> _Input data_:
------
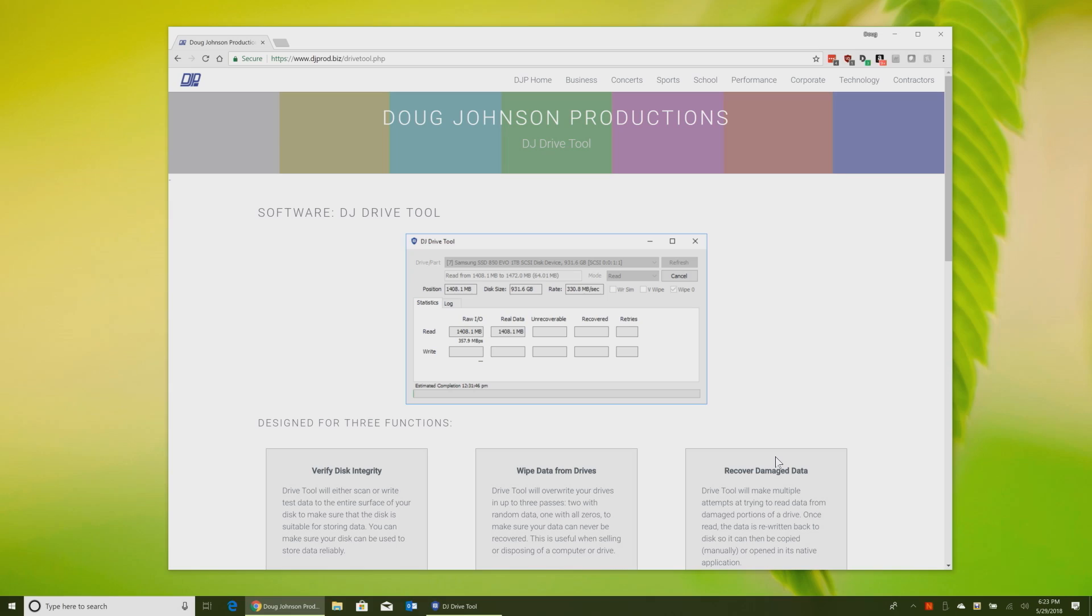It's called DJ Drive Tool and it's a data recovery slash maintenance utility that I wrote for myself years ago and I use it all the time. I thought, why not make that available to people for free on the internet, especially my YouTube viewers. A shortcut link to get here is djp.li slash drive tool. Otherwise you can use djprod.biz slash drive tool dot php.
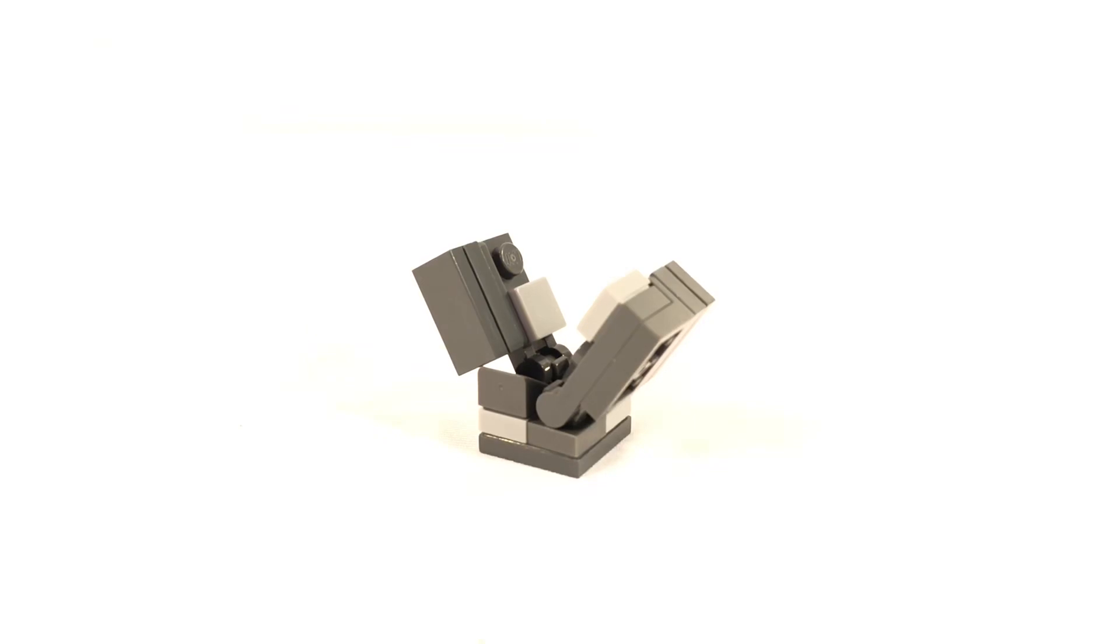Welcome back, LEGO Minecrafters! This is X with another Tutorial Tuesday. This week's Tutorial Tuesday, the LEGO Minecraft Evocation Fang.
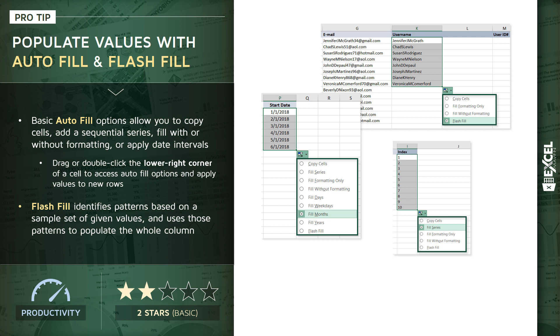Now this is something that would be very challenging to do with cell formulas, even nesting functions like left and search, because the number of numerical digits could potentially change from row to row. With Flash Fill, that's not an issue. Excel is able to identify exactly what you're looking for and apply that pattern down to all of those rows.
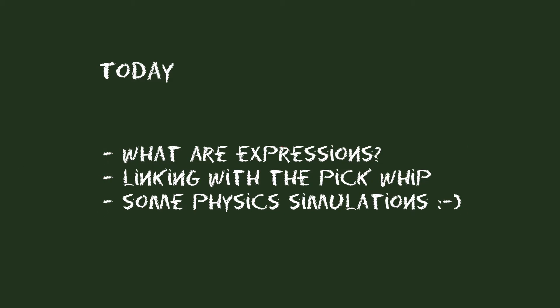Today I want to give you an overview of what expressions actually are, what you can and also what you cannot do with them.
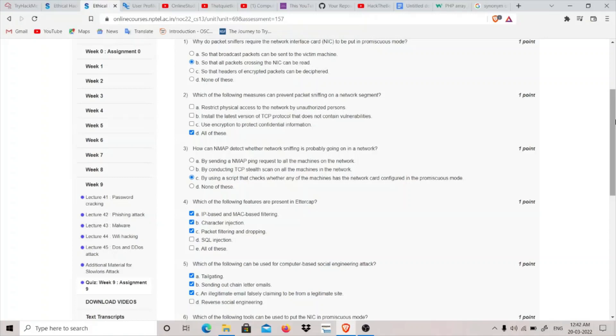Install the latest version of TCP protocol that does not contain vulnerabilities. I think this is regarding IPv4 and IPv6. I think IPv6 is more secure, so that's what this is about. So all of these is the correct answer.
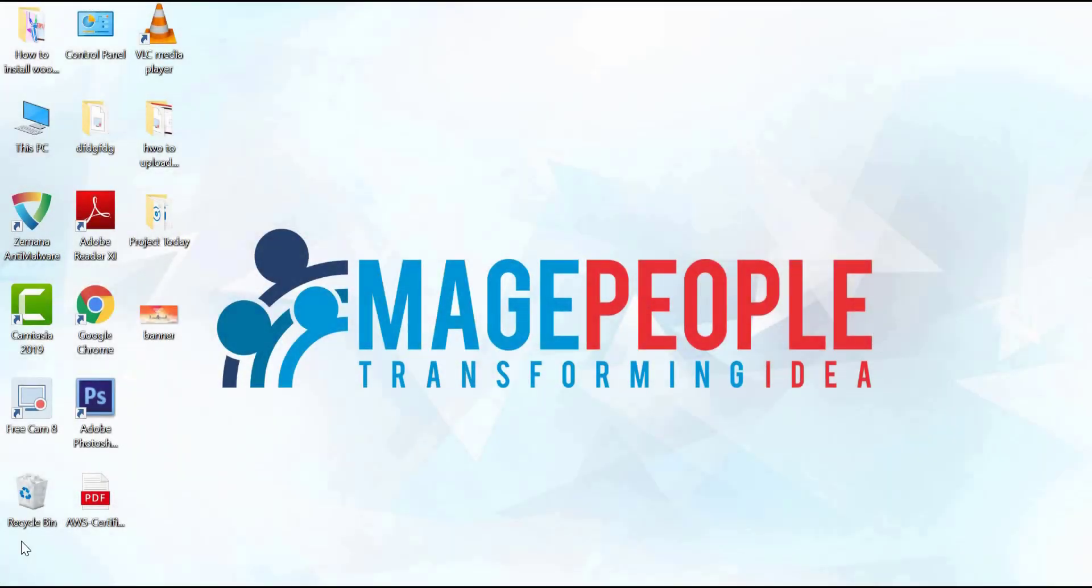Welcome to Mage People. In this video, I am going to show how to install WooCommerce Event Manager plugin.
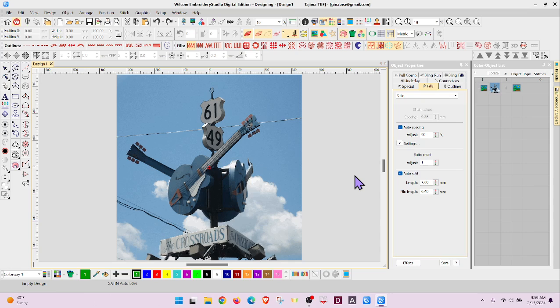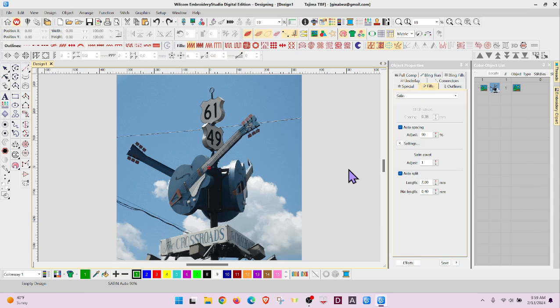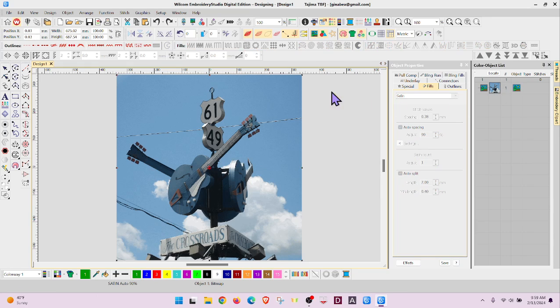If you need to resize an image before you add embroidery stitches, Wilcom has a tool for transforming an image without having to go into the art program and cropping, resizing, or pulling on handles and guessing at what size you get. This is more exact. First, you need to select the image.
------
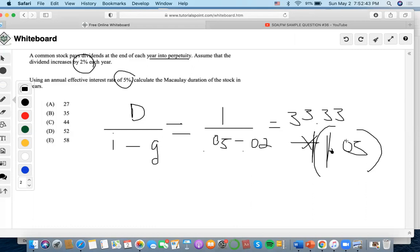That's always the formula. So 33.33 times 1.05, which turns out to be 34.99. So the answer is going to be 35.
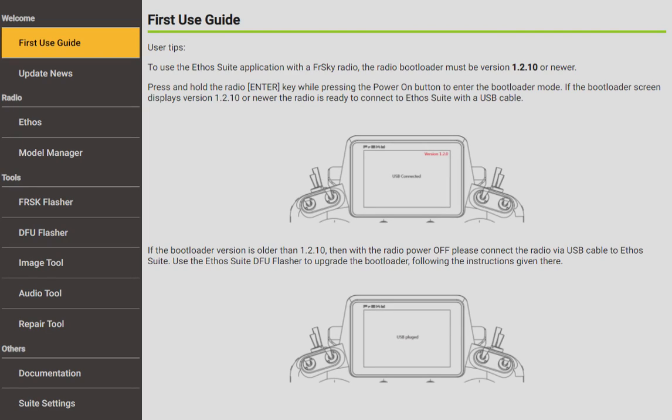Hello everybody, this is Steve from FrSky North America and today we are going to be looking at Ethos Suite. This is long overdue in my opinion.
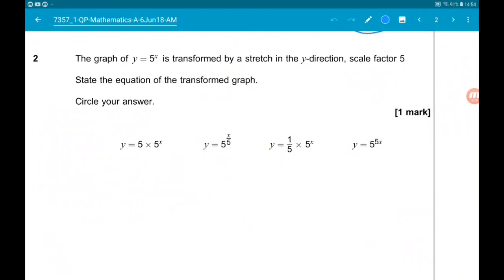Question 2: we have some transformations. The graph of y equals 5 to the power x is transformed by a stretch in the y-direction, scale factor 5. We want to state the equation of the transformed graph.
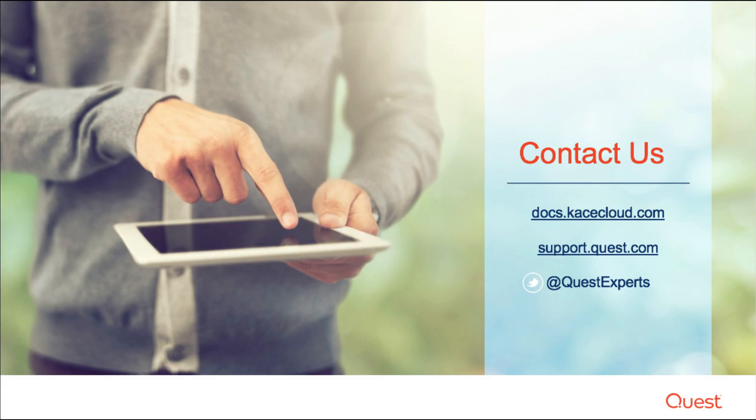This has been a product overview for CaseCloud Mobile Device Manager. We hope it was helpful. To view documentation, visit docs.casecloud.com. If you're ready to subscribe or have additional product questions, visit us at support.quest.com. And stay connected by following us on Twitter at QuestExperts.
------
> _Exercise brief_:
From the records above, transcribe exactly the lines starting at the one containing "That's always the" and ending at the one containing "This has been". Skip the pictures.

> _Answer box_:
That's always the formula. So 33.33 times 1.05, which turns out to be 34.99. So the answer is going to be 35.
Hello everybody, this is Steve from FrSky North America and today we are going to be looking at Ethos Suite. This is long overdue in my opinion.
Question 2: we have some transformations. The graph of y equals 5 to the power x is transformed by a stretch in the y-direction, scale factor 5. We want to state the equation of the transformed graph.
This has been a product overview for CaseCloud Mobile Device Manager. We hope it was helpful. To view documentation, visit docs.casecloud.com. If you're ready to subscribe or have additional product questions, visit us at support.quest.com. And stay connected by following us on Twitter at QuestExperts.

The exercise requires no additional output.